Durante 25 años presidí ceremonias en medio de una liturgia siempre solemne. Buscaba que fuera sencilla, provocadora y muy al alcance de las personas que la compartían conmigo. La disfruté en catedrales góticas o barrocas, con sus techos que parecen tocar el cielo, en Jerusalén, donde cada gesto se carga de historia sagrada, o en una choza humilde en la orilla del río San Juan, en Docordó, donde el barro, la palma y la fe formaban un altar vivo. En todos esos lugares llegué a la misma certeza: la liturgia, cuando es auténtica, es un entretejido de signos, palabras, acciones e intenciones que lejos de ser una rutina vacía, se convierte en un lenguaje que trasciende y busca conectar con lo absoluto.

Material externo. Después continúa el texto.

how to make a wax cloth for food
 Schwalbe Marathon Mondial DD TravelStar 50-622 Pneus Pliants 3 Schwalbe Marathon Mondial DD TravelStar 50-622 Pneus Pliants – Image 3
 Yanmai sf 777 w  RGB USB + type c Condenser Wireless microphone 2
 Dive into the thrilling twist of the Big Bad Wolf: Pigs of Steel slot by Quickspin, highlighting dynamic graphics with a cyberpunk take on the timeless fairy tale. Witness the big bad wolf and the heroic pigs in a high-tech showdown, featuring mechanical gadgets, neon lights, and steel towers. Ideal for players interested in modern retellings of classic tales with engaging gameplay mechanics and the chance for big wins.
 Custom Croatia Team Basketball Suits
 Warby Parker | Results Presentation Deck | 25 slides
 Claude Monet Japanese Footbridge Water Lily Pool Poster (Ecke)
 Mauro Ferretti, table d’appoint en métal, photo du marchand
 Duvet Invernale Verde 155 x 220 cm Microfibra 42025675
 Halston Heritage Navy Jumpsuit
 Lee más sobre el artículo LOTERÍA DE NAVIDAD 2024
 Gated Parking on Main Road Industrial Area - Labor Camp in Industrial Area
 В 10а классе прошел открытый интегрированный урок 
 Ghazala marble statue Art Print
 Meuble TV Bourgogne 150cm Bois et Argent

Con los años comprendí algo que hoy afirmo con claridad: la solemnidad no está en la opulencia ni en la pomposidad, sino en lo sencillo y lo vivo. La verdadera solemnidad no necesita adornos excesivos, ni rituales vacíos, ni tonos impostados, basta una palabra dicha desde el alma, un gesto que nace del corazón, una comunidad reunida con verdad. Es precisamente eso lo que he visto en estos días en la despedida del papa Francisco: una espiritualidad que no busca brillar, sino abrazar; una fe que no pretende impresionar, sino tocar lo profundo del alma humana.
Creo con firmeza que lo sencillo es lo más solemne y que esta lección no aplica solo a la liturgia, sino a toda la vida. Vivimos en una cultura donde el ruido, las apariencias y el artificio nos roban lo esencial. Poses, caretas, gestos exagerados, palabras infladas… Creemos que así impactamos, que así comunicamos algo valioso, pero muchas veces lo único que logramos es interrumpir la conexión, desviar la atención, opacar lo que realmente importa.
En cambio, cuando la vida se expresa sin máscaras, sin adornos innecesarios, sucede algo sagrado: el otro nos reconoce, se siente convocado, se encuentra consigo mismo. La sencillez no es falta de belleza ni de profundidad. Al contrario, es la forma más directa de tocar el misterio, de honrar lo humano y de abrir la puerta a lo divino.
Francisco nos lo enseñó hasta el final: con gestos discretos, con palabras claras, con una coherencia que no buscaba el aplauso, sino el testimonio. En su manera de ser, de vivir y de morir, dejó claro que lo más alto no siempre grita, a veces susurra. Y ese susurro, si nace del amor, es la más profunda de las solemnidades.